Experiences of gender-based discrimination or harassment at school may entail prejudicial consequences for students, including mental health problems and school dropout. This is particularly the case for LGBT teenage students who are in the process both of exploring their gender identity and sexual preferences and seeking out ways to make them acceptable to their social circle. Enrolment in vocational training offers specific challenges, as openness to sexual minorities is very context-based. In particular, contextual homo- and transphobia may be related to institutional policies, but also to occupational fields and to proportions of male/female workers or students, with more masculine-dominated contexts being more prone to discrimination against LGBT students, and may vary greatly between school and workplace contexts.
In this paper, we explore homo- and transphobic discrimination and/or harassment experienced or witnessed by first-year vocational students in Geneva, Switzerland. We look at different kinds of harassment/ discrimination and explore how they are related to power relations in schools and organizations: while some of these acts of harassment/discrimination are perpetrated by peers, they may also come from people who are hierarchically superior, or from clients.

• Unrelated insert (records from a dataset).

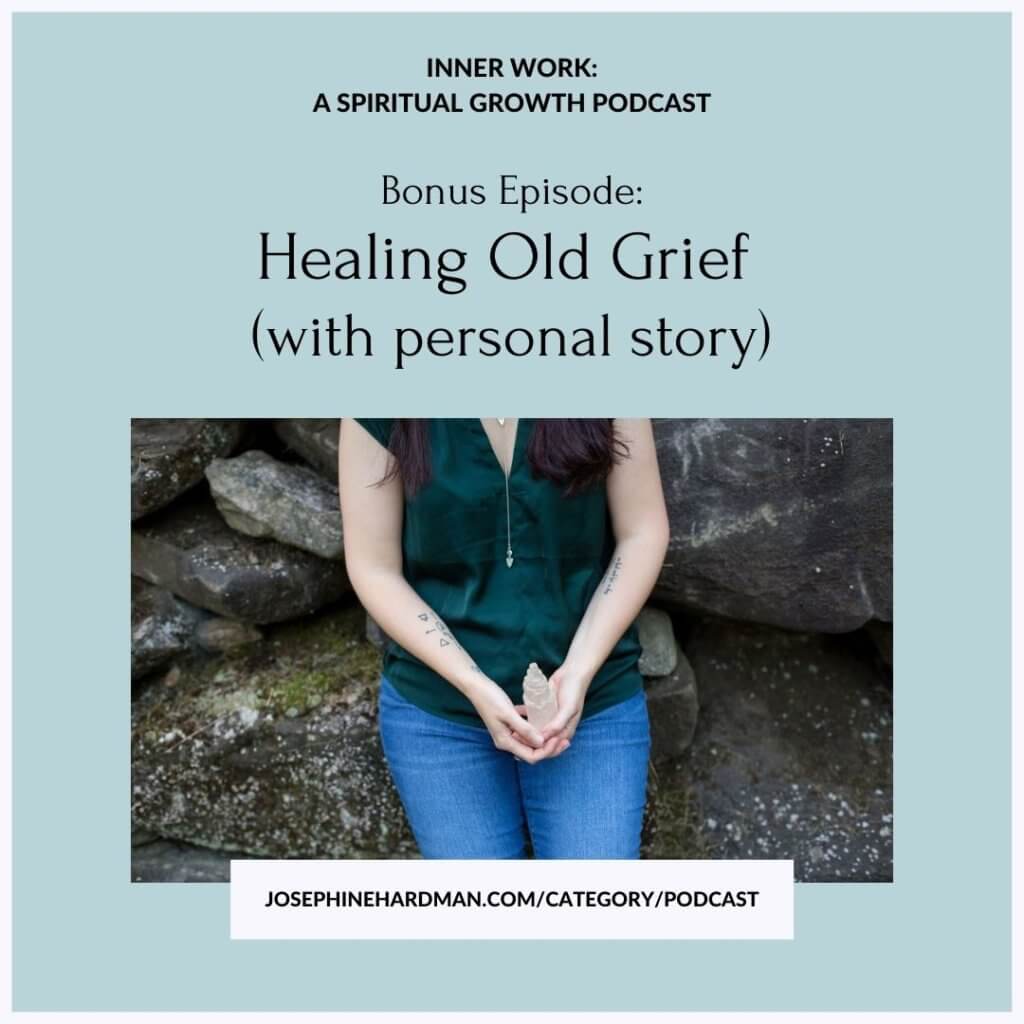 photo Josephine Hardman holding crystal spiritual podcast on healing grief
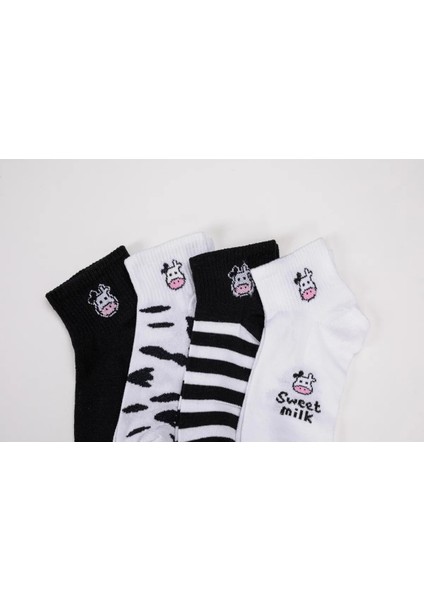 4'lü Inek Desenli Patik Kadın Çorap fırsatları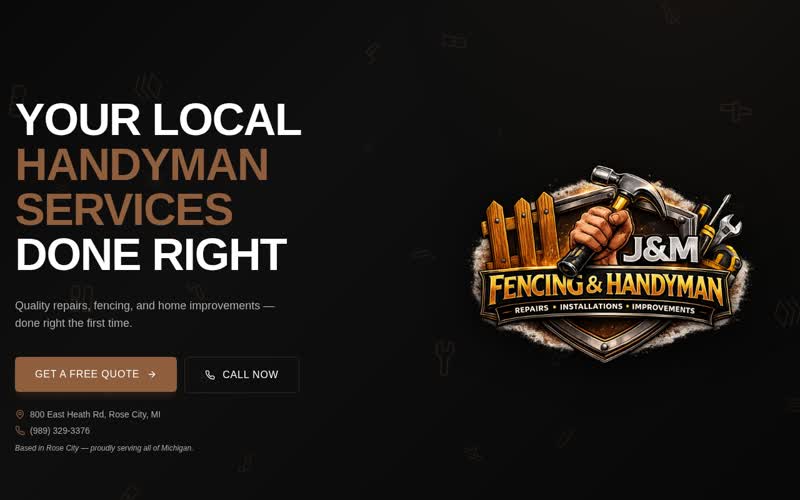 J&M Handyman Services website preview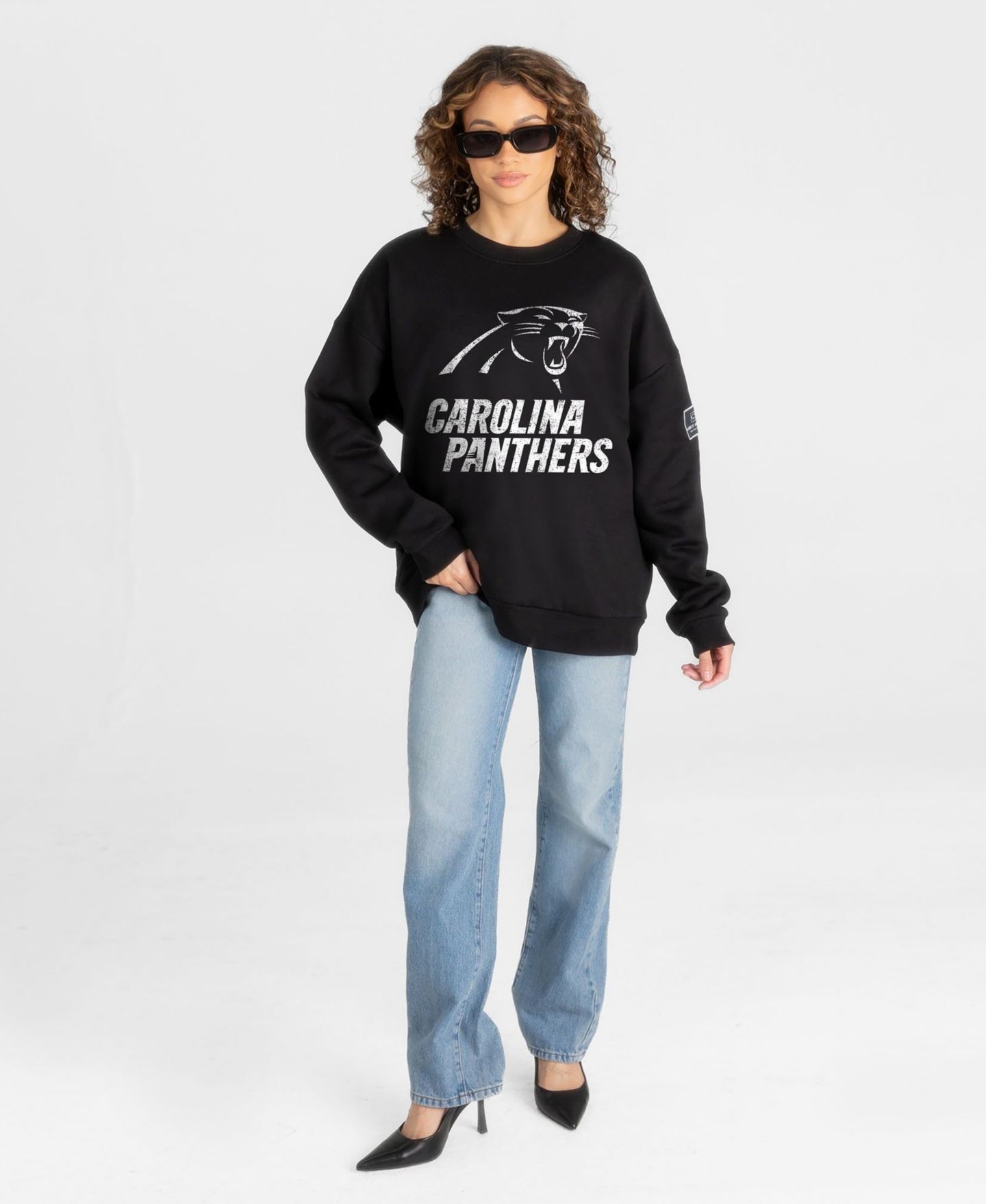 Женская толстовка Gameday Couture Black Carolina Panthers Bold Move Black Label Premium Drop Shoulder — фото 3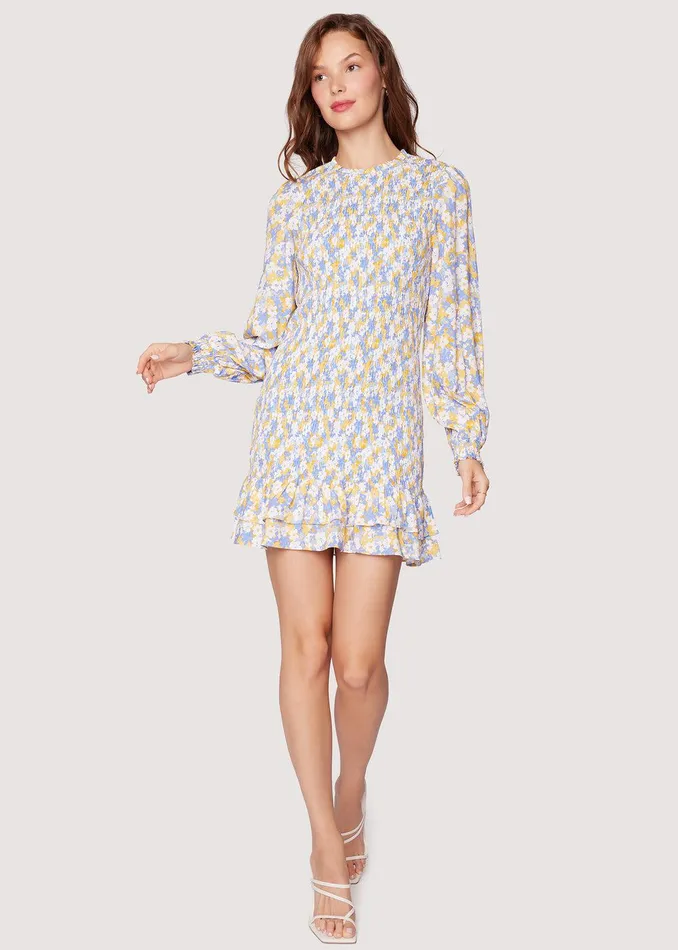 Dazzling Bloom Smocked Mini Dress Lightbluefloral Women Lost Wander Dresses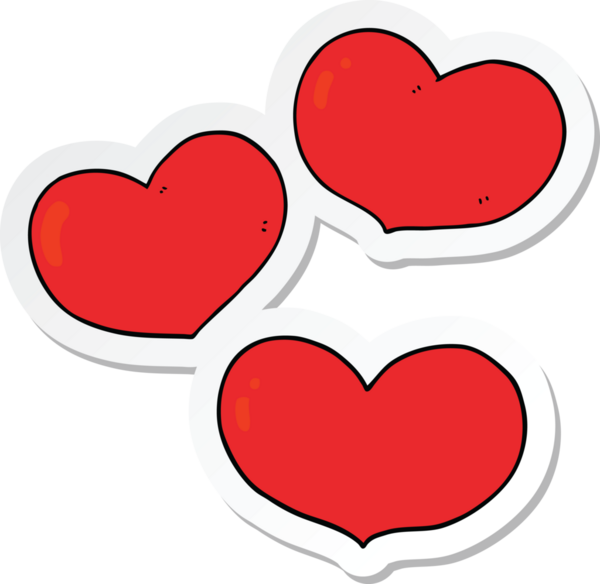 Bir insan tarafından çizilmiş aşk kalplerinin çıkartması.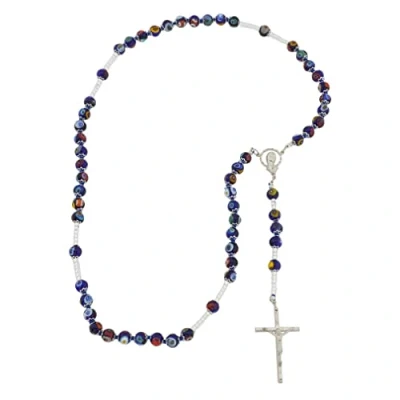 Image of GlassOfVenice Murano Glass Millefiori Italian Rosary Blue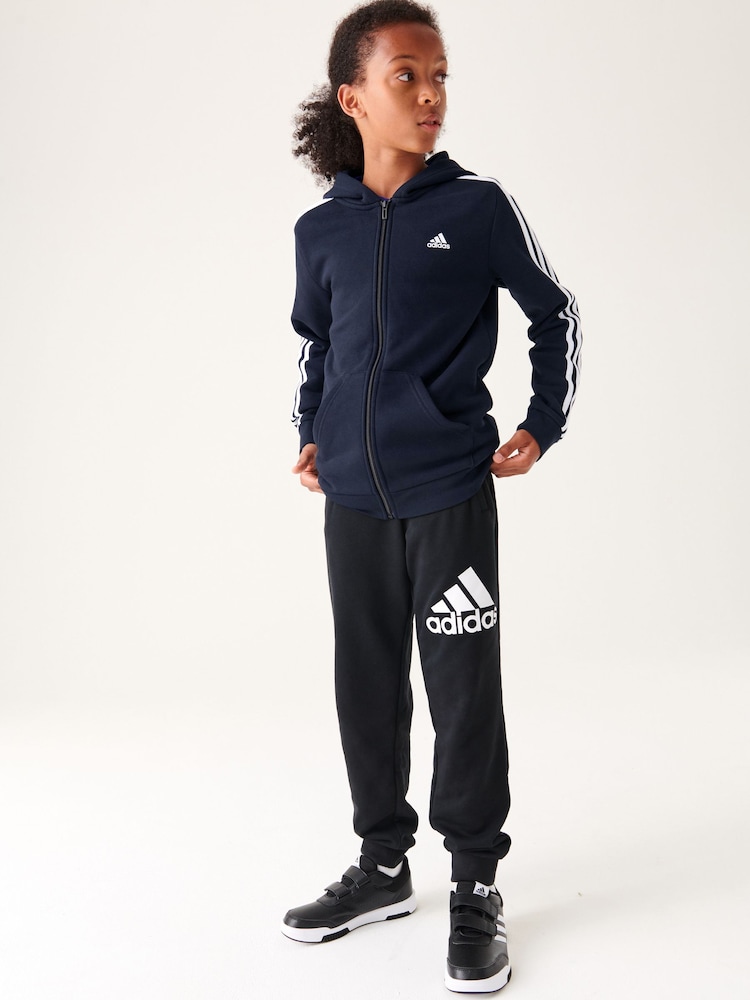 adidas Navy Essentials 3 Stripes Full Zip Hoodie - Image 1 of 6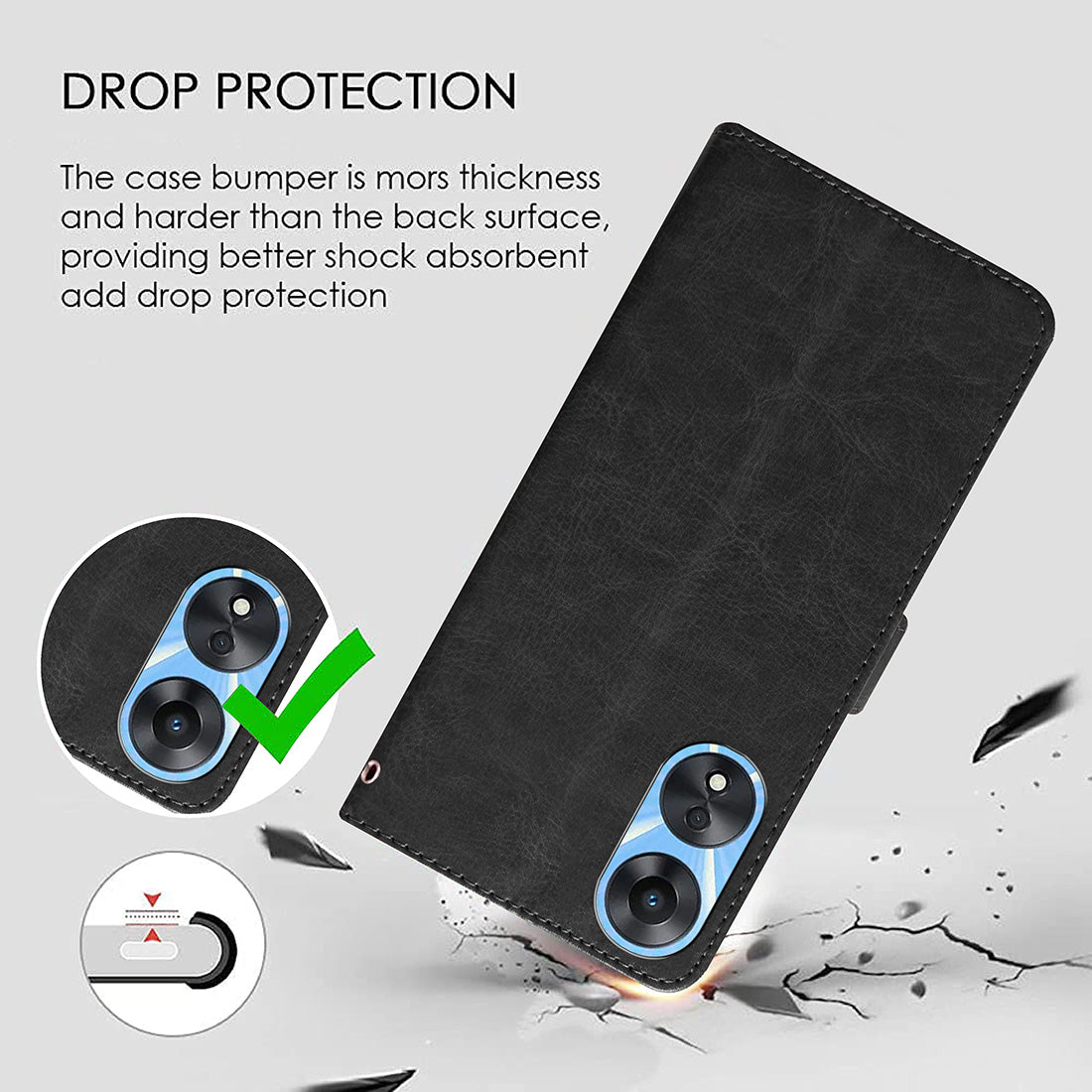 Premium Wallet Flip Cover for Oppo A78 5G / A58 5G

We explore how such acts may intersect with other kinds of discrimination, such as sexism, racism, etc.
The second aim of this paper it to explore how the victims cope with these experiences of harassment/discrimination. Several of our interviewees anticipated experiences of harassment or discrimination without necessarily having experienced them personally and chose avoidance strategies such as dissimulating their sexual identity or self-exclusion from some contexts. Other reactions ranged from denial and rationalization to weariness and resilience.